Today an article discussing the “pinkification” of toys and products for girls appeared on Stuff.co.nz, and actually did a good job of articulating why the all-pink “toys for girls” aisles of toy stores are problematic. I was especially pleased that they mentioned, as an example, the release of the pinked-up versions of Jenga (“Not only are the Jenga blocks pink, but each features a different question such as, “If you had one wish, what would you wish for? or “Who do you have a crush on right now?”) and Monopoly; over the Christmas holidays I was browsing the games section of The Warehouse and was totally appalled to see Twister Pink: “a girlish twist on a classic game” . Appalled because Twister is already a gender-neutral game, people! This description talks about how “all of the traditional primary colors have been replaced with pinks and fun patterns”; I had no idea that primary colours were the fucking death knell of sales to girls and women. Twister does not need a twist; the classic game is already fine for boys and girls. It doesn’t need to come in a furry pink shoulder bag –“perfect for taking to sleepovers!- for it to be “girl-friendly”. To this some people might say “but hey, some girls love pink and glitter and funky patterns, so why not attempt to tap into that demographic and catch their eye, thus upping sales?”. Well, some girls might like cute lil’ animals, and there’s no animal themed Twister.

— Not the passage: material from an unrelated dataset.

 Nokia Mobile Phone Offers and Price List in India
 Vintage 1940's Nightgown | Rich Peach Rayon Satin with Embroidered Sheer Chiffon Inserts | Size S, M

Some boys might like cars and trucks and rugged grunty stuff with flames and skulls (y’know, “boy stuff”) but there isn’t a version of Twister that comes in a camo-print bag with studs and flames and maybe a giant monster truck on the front. Actually, I think a boy version would come with a mini leather briefcase to remind boys that they will one day grow up and enter the workforce and bring home the bacon. The fact that there isn’t any special effort made to create a boy-targeted version to aim for that demographic of buyers suggests that the original version is the one that is ok for boys; the default is for males, and a special version is made for females.

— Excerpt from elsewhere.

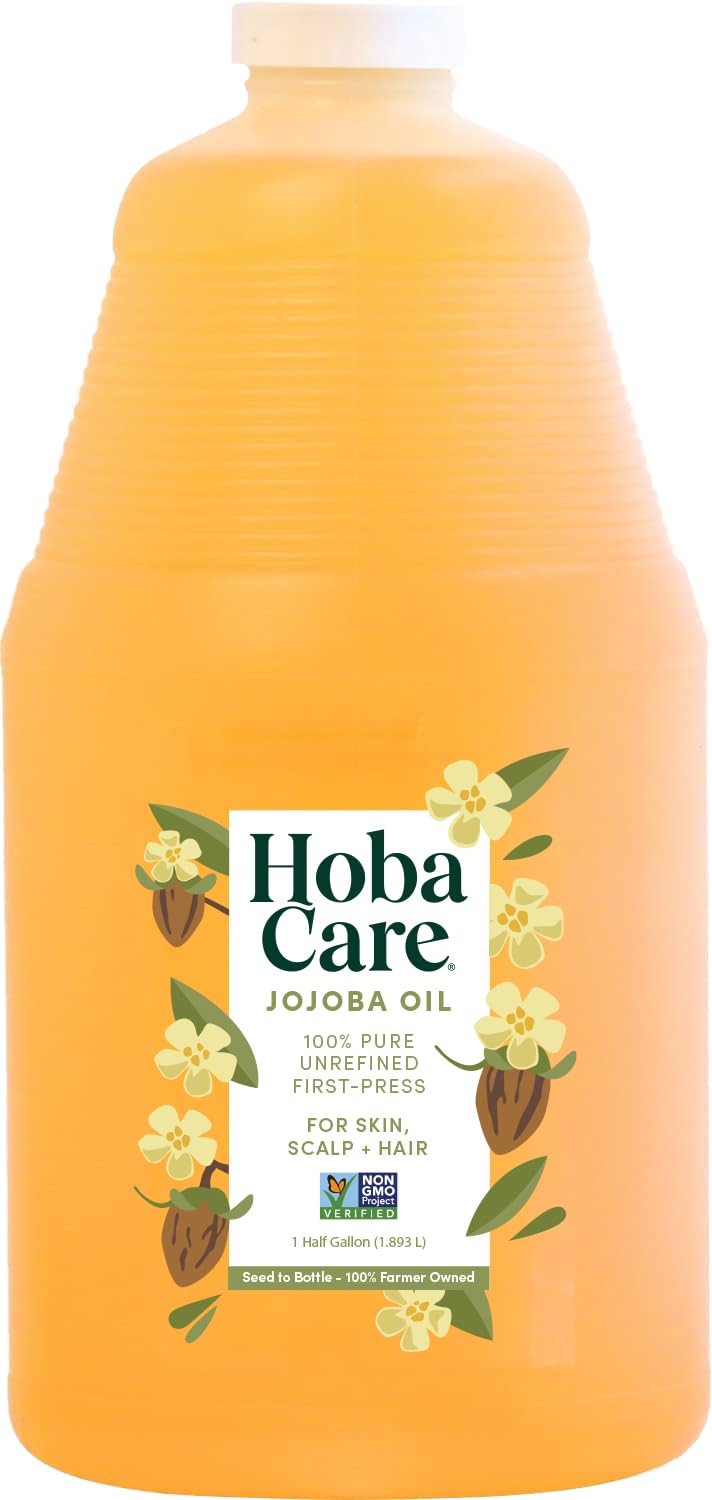 HobaCare Jojoba Oil bottle in bulk ready for versatile skincare and hair care use
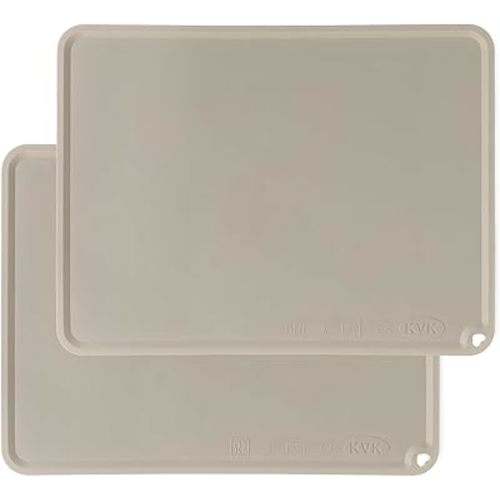 KVK Silicone Placemat for Toddles Kids Non-Slip Reusable Portable Baby Placemats for Restaurant Stain-Proof Children Food Mats Eating Table Mat 2 Pack (Ecru)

The reason this pinkification of toys and games is problematic is because toys and games don’t need to be pink to be good. And the reason that they “need” to be pink to appeal to girls is because we have taught girls that this is what girls like. Girls aren’t born preferring the pink version of a toy to another version, this is something girls are conditioned to do through repeated exposure to message about what girls want, what girls like, and what is considered to be a “girls toy” or a “boys toy”. And, as the article on Stuff said, the reason that this is a problem is because it forces girls down a certain path they didn’t necessarily choose: there is a right way to be a girl, and this is the way to do it, and deviation from these rigid norms is bad and abnormal and wrong. As it is put in the article,
“We’re imposing stereotypes from the word go and that doesn’t really free us up to choose whatever our self-expression wants to be, whether it’s to muck around in the dirt, climb trees, pretend to be an artist, whatever.”

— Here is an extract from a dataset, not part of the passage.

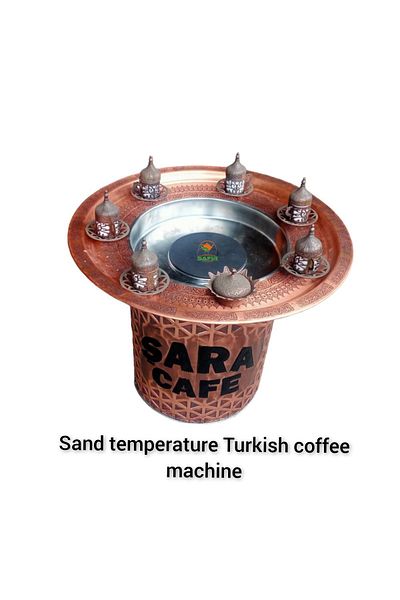 SAFİR ÇAY KAZANLARI Round High Size Case - Copper Sand Coffee Device - Sapphire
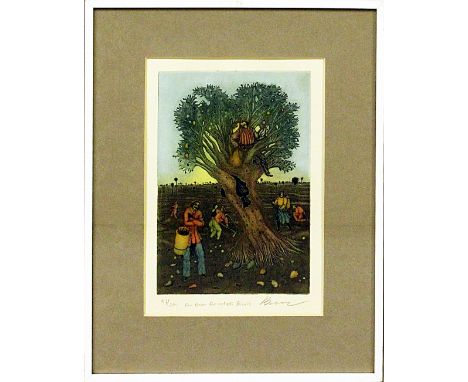Brauer, Emil (1929 Wien 2021)"Ein Baum für vielerlei Früchte", so unterhalb der Darstellung handschriftlich betitelt. Farbrad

So to all the commenters on Stuff who have missed the point of the article (surprise, surprise…) and said “girls just naturally like pink, so who cares? It isn’t sexist, it’s human!” or “why are you saying it’s bad for a girl to like pink?!?!?!11!” or “who cares if girls like pink???” or “I loved pink growing up and I turned out just fine!”: none of that is anywhere near the point. Nobody is saying it’s bad for a girl to like pink; what is being said is that it’s bad for girls to be conditioned (trained, essentially) to like pink based on social and cultural stereotypes about what is normal for boys and normal for girls. I’m not anti-pink, I’m anti the idea that pink is a girls colour and blue is a boys colour or the idea that girls can play with dolls but boys can’t. Not that people can’t CHOOSE pink or dolls, but that we shouldn’t be systemically limiting choices to the point that people aren’t actually choosing at all but are really being told what to do. If you have a daughter who loves pink, fine. But conditioning a girl from birth with baby stilettos and all-pink wardrobes, or conditioning a boy with “boys don’t wear pink” or “dolls are for girls”, isn’t ok, and it certainly isn’t choice.